Probably security. It must be assumed that an adversary might recover such an FDR, and might be able to obtain data that the Air Force would probably prefer they not have.

Ron Wanttaja
That can't be any worse than the two-inch tape decks on the S-3 Vikings. It recorded FLIR and sonabouy data. I believe it also recorded radar data but that was so long ago, I cannot be sure. The main difference is these tape decks were not sealed as tight and certainly not waterproof or capable of sustaining the impact FDRs and CVRs are capable of.
 
My condolences to the crews family as well.

As far as Navy ships are concerned the R. Reagan died 2004 yet the CVN-76 USS Ronald Reagan was Commissioned in 2003. The next CVN will be the George H.W. Bush CVN 77.

The USS John S. McCain is named after the Admiral.

The Senator and Candidate is his son.

Ah, thanks!

Probably security. It must be assumed that an adversary might recover such an FDR, and might be able to obtain data that the Air Force would probably prefer they not have.

Ron Wanttaja
That's what I was thinking as well.
 
I'm surprised that the Air Force doesn't have FDRs in these planes. Any idea why?

It is incredibly expensive to retrofit FDRs on older aircraft, especially
those with lots of analog controls. Consider what it would cost to
develop control surface sensors for all the different control surfaces
on the B-52... and not many commercial FDRs out there could handle
the parameters from 8 engines...
 
The bottom line is simply that military aircraft are extremely high performance machines. For example, when you walk up to a B-52, you would never think that monster was capable of aerobatics. But it is able to perform limited aerobatic maneuvers. Military aircraft are capable of going to limits that civilian pilots only dream of and, as such rank among the most dangerous machines built. The pilots who fly those machines are well aware of the fact and hope the ejection seat(s) will work properly, just in case it gets to be their day in the barrel.
 
Probably no witnesses due to the crash site being approx. 25nm offshore. As to the CVR/FDR topic, none installed or designed originally because of the BUFF's designed mission (ie one way trips to the USSR). So whoever said security wins. Many other A/C, the E-3 being one of them, have CVR/DFDRs.
 
Probably no witnesses due to the crash site being approx. 25nm offshore. As to the CVR/FDR topic, none installed or designed originally because of the BUFF's designed mission (ie one way trips to the USSR). So whoever said security wins. Many other A/C, the E-3 being one of them, have CVR/DFDRs.

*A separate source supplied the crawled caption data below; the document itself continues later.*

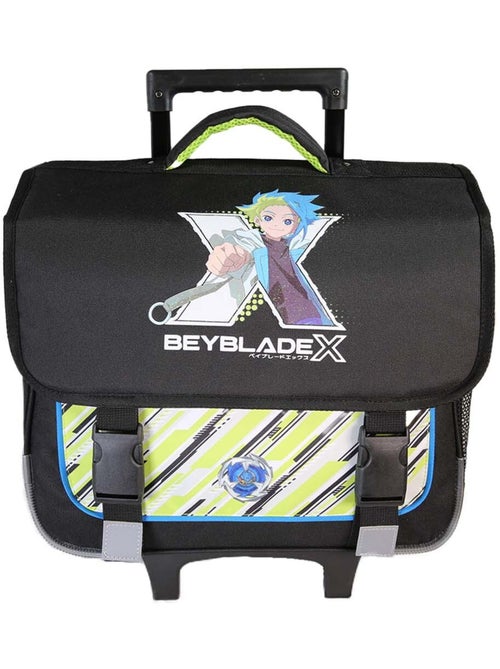 Cartera escolar con ruedas niño 38 cm 2 compartimentos BEYBLADE X negro verde - Kiabi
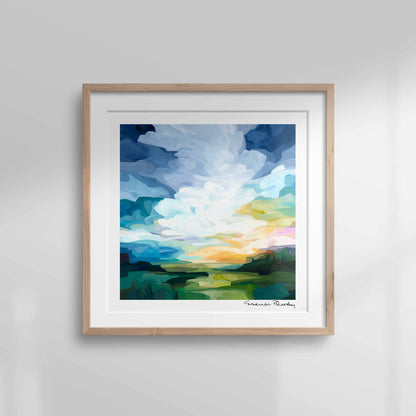 Colourful landscape beneath a dramatic cloud-filled sky in One Fine Day art print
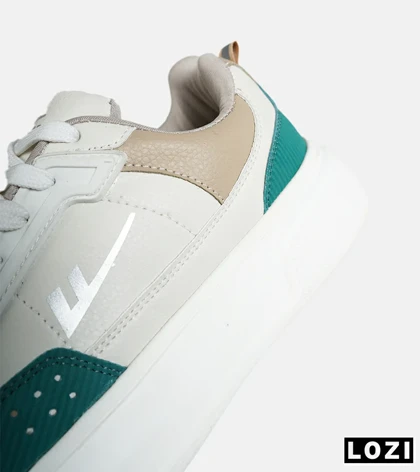 کفش کتانی مردانه سفید کرم سبز FASHION مدل 7875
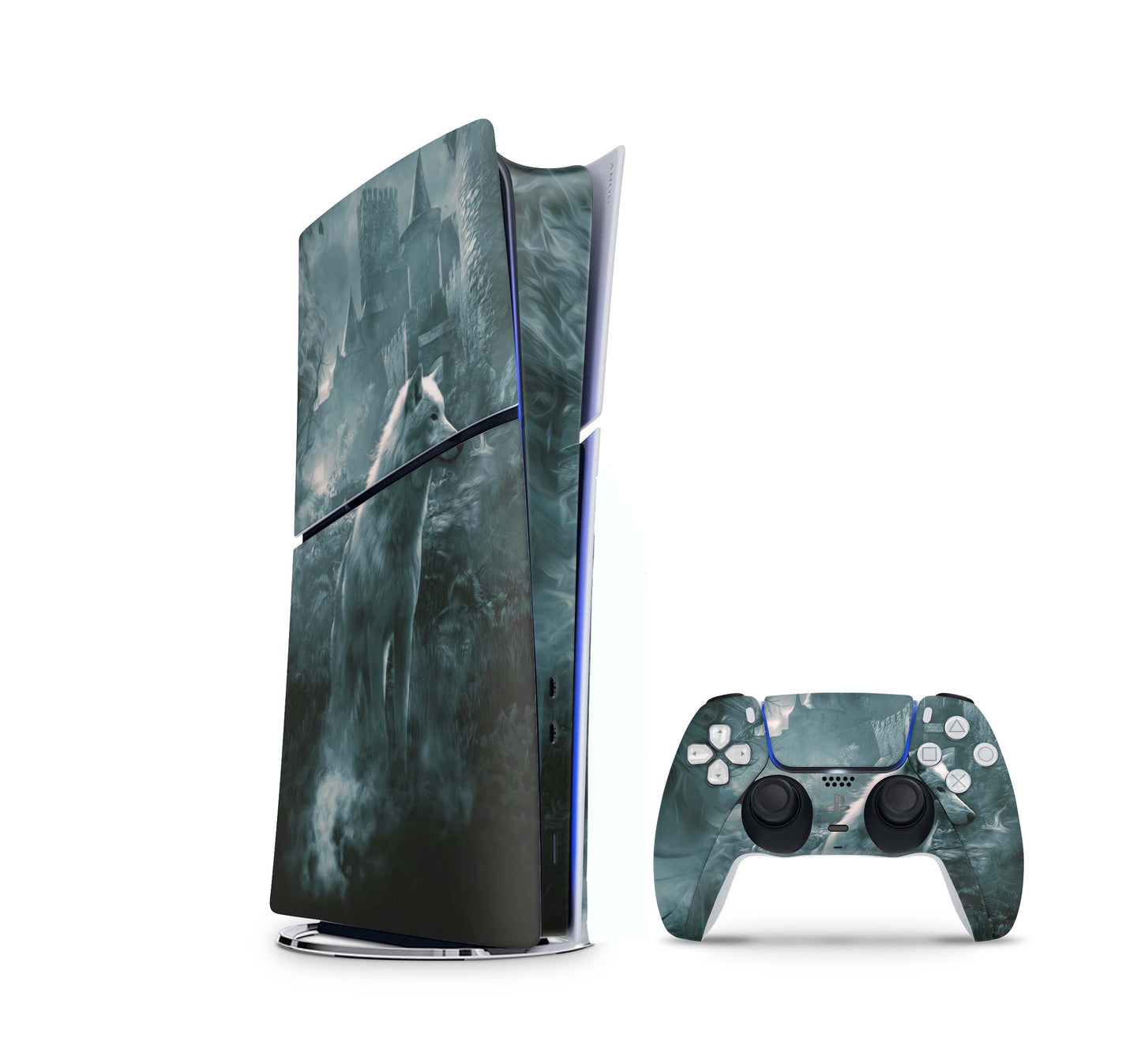 PS5 Slim Skins DIGITAL Edition Aufkleber Design Premium Playstation 5 Skin + PS5 Controller Skin Ghost Wolf Aufkleber skins4u   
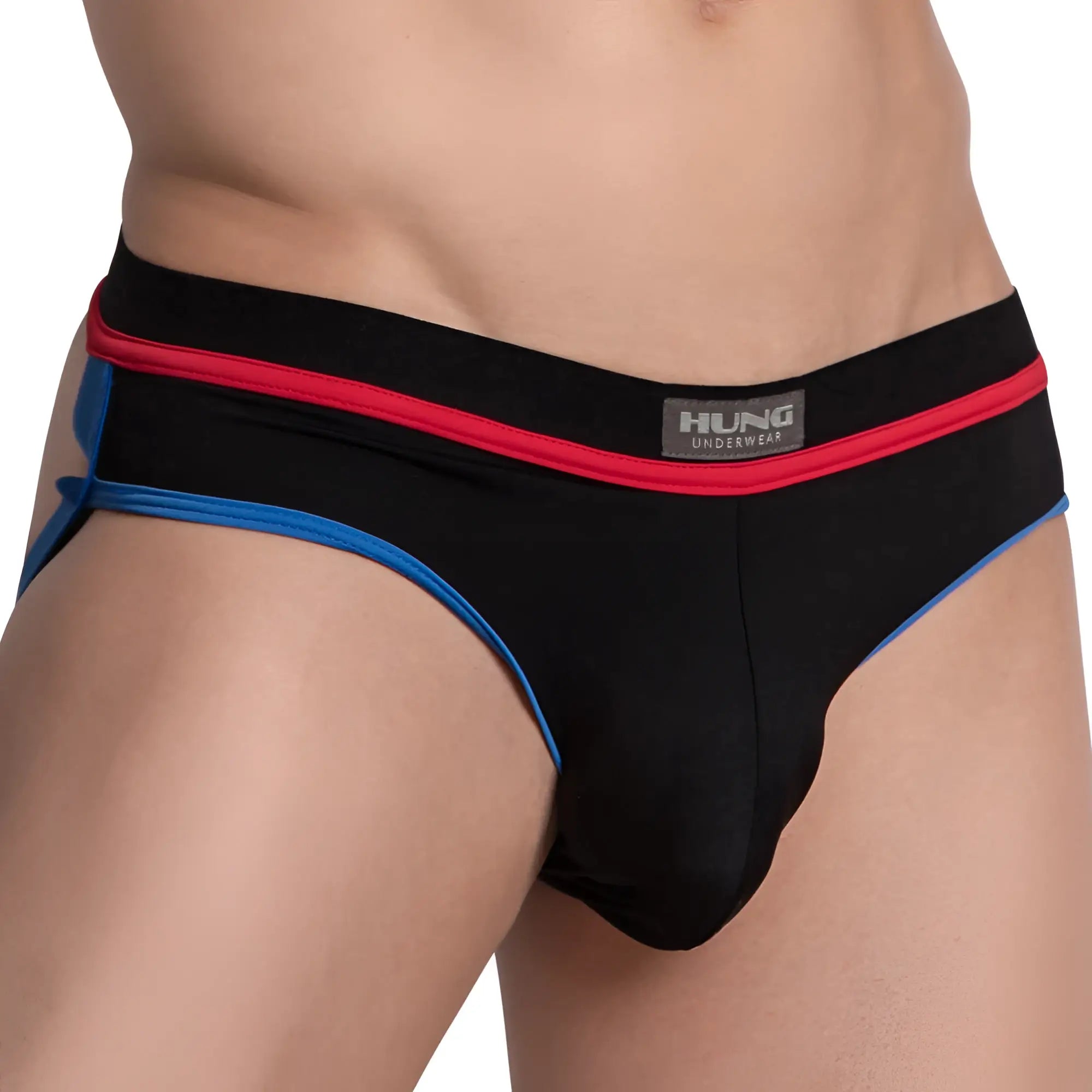 Black hung hge022 jockstrap with red and blue trim showing the front design and contours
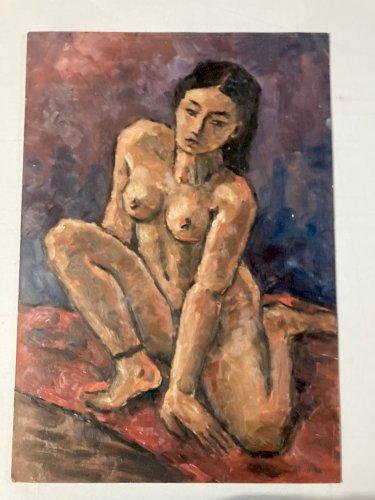 Peinture Femme Nue Nu Huile Carton 1986 Expressionnisme A Identifier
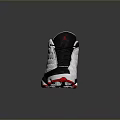 Stylish High Top Sneakers In White Black With Red Accents And Jumpman Logo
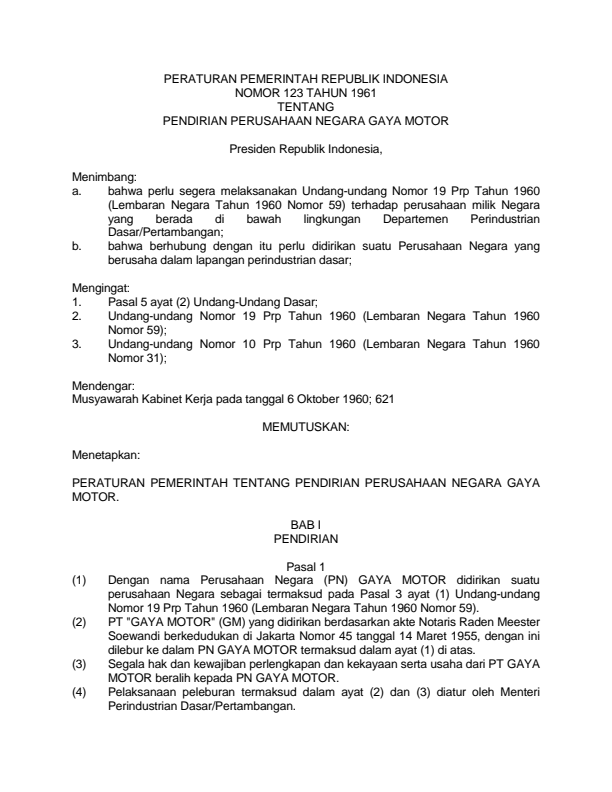 Peraturan Pemerintah Nomor 123 Tahun 1961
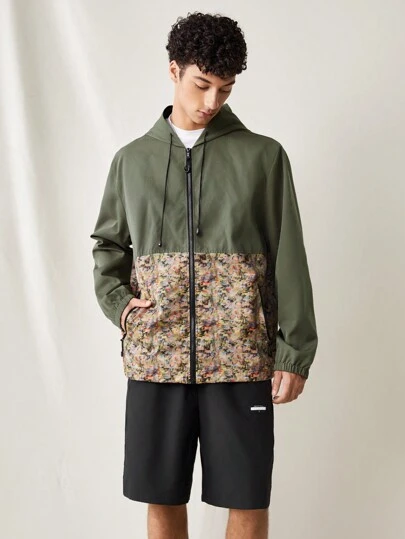 Manfinity VCAY 2pcs Men's Casual Loose Patchwork Hoodie & Shorts Set, Daily Wear, For Fall Winter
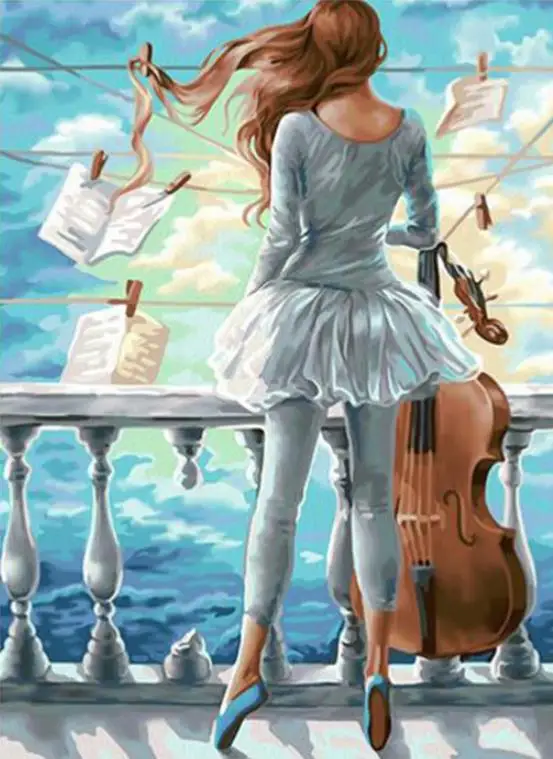 

5D DIY Diamond Painting Girl Diamond Mosaic Cello Picture Of Rhinestones Diamond Embroidery Cross Stitch Home Decor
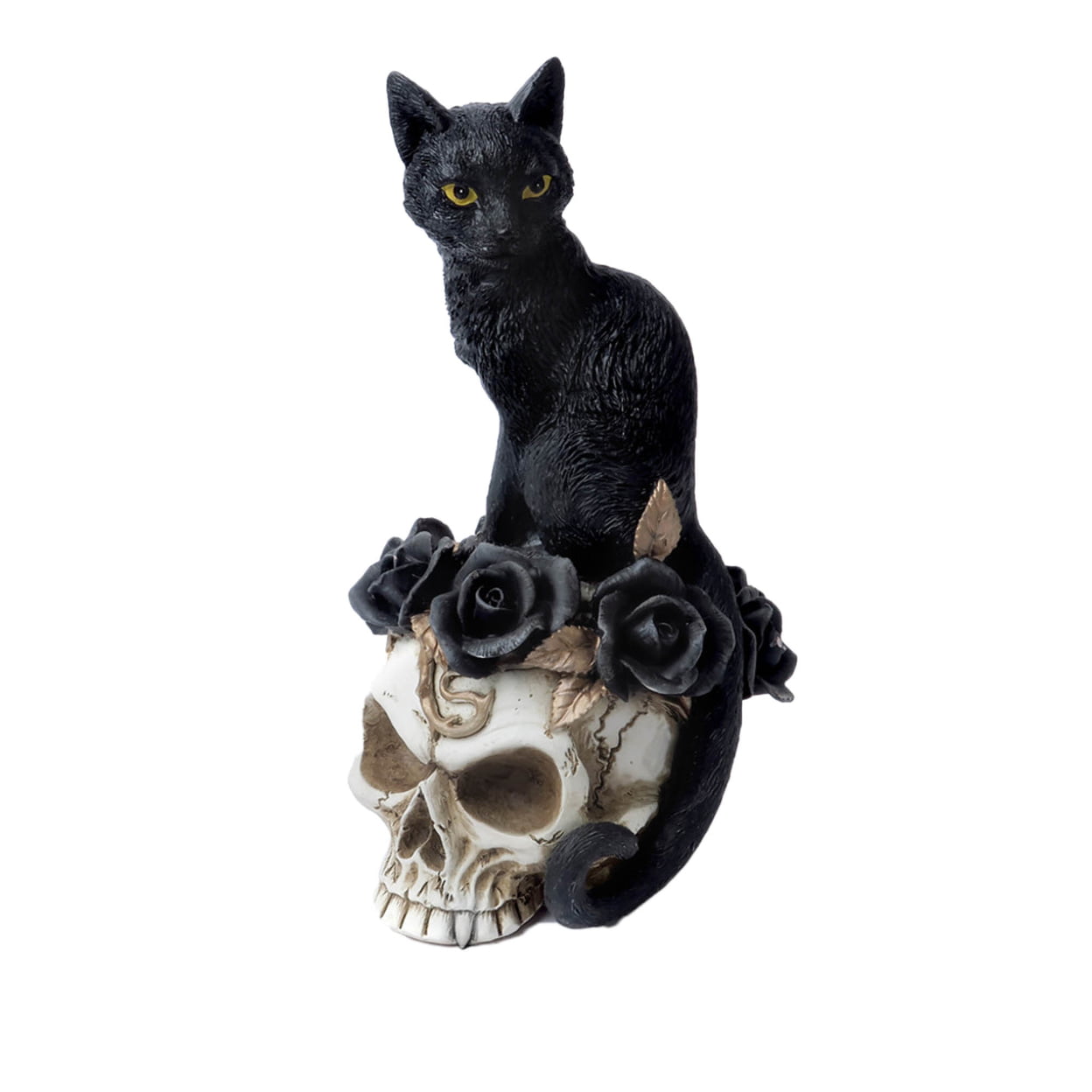 V71 Grimalkins Ghost Black Cat With Skull, Poly Resin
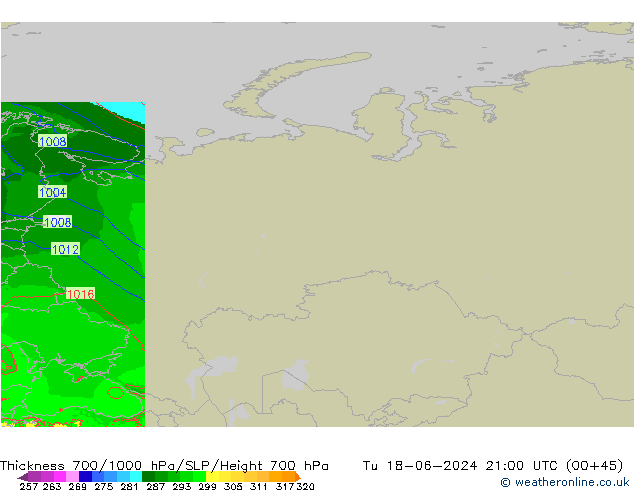 Thck 700-1000 гПа Arpege-eu вт 18.06.2024 21 UTC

Well, the crews planed on a return trip! I remember the silly processions we used to do with Trailers full of dummy Nukes from Griffiss AFB to Syracuse practicing for the reloading when the bombers returned.

Riiiiiiiiiiiiiiiiiiiiiiiiiight!!
 
That can't be any worse than the two-inch tape decks on the S-3 Vikings.
I'm just guessing that an S-3 didn't carry nukes. You can probably guess that the powers what be didn't want to take any chances of a CVR recording a nuclear-weapons checklist....

Ron Wanttaja
 
I'm just guessing that an S-3 didn't carry nukes. You can probably guess that the powers what be didn't want to take any chances of a CVR recording a nuclear-weapons checklist....

Ron Wanttaja
Actually, it could... three different versions that I knew of and all could be mounted in the bomb bay, hidden from ground observation. That was where I first saw how mean a Marine could get if a passing sailor still got too close to us after one warning.

Nope, no CVR and no FDR on the Viking. The data deck it had would likely not survive impact on a hard crash. The top of the case was built from honeycomb material, only the other sides were a more stiff, aluminum material.